Importing Target URLs Slows the LPM Really Bad
Hallo,
Basically I am scraping for URLs using Hrefer with the GSA footprints. I sort through them; remove duplicates, PR check by domain etc, but I am still left with millions of URLs resulting in TXT files that are hundreds of megabytes in size. This takes too long process when I do it via Advanced > Tools > Import URLs (identify platforms and sort in) > From File. When I did it last it took 4 days with a 300mb file using 40 dedicated private proxies from BuyProxies. (Tested and Speed checked, less than 1 second response) and that was also doing that sort-in exclusively. GSA was not running projects while the sort in was in process.
So it's taking a very long time sort through my lists so I thought I'd import them on a project level, right clicking on project and Import Target URLs > From File. When I did this, I noticed this killed my LPM. It went from around 90LPM to about 12LPM. I think this is because it's processing those URLs in the background.
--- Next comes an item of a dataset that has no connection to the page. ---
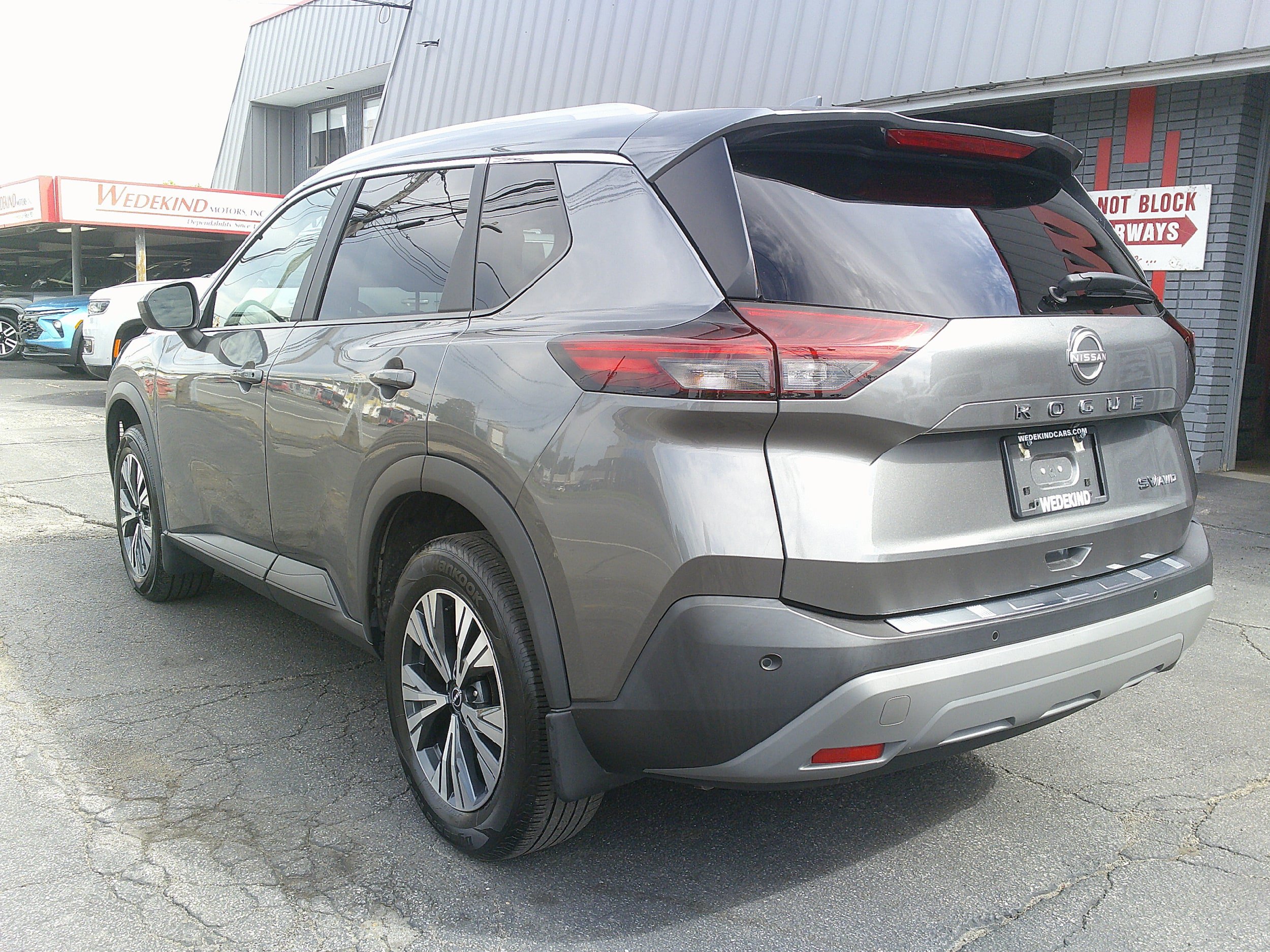 Used 2023 Nissan Rogue SV w/ SV Premium B Package AWD/4WD image 3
I feel a bit lost with it. How can I use these scraped links I've got without making GSA horribly slow?
Comments
you are not experiencing anything new. Scraped lists will yield an extremely low success rate especially if you aren't using some more advanced tactics.
if you just run the list it is going to sort anyway
advanced tactics would entail footprint lists and using some more in depth processes to evaluate what others are doing and capitalize
sorry that I am not more revealing on the advanced tactics portion
Okay, yeah I'm already doing that advanced stuff. I thought you were referring to something else.
https://forum.gsa-online.de/discussion/838/independent-tool-for-importing-and-sorting-urls
mmtj mentioned.
"Now we identify the scrape in GSA (no proxies, re-download 1x) - we have a good dedi. with a superb line (poweruphosting) and some blazing fast VPS on a private cloud server and we can identify the 3mill. in one night easily."
I tested my poweruphosting VPS, i can only identify 0.2mil in one night. I feel great pain there, but I really don't know any better way to work similar problem.
But at least this is an idea for you. And hope some one can get another way to solve the problem.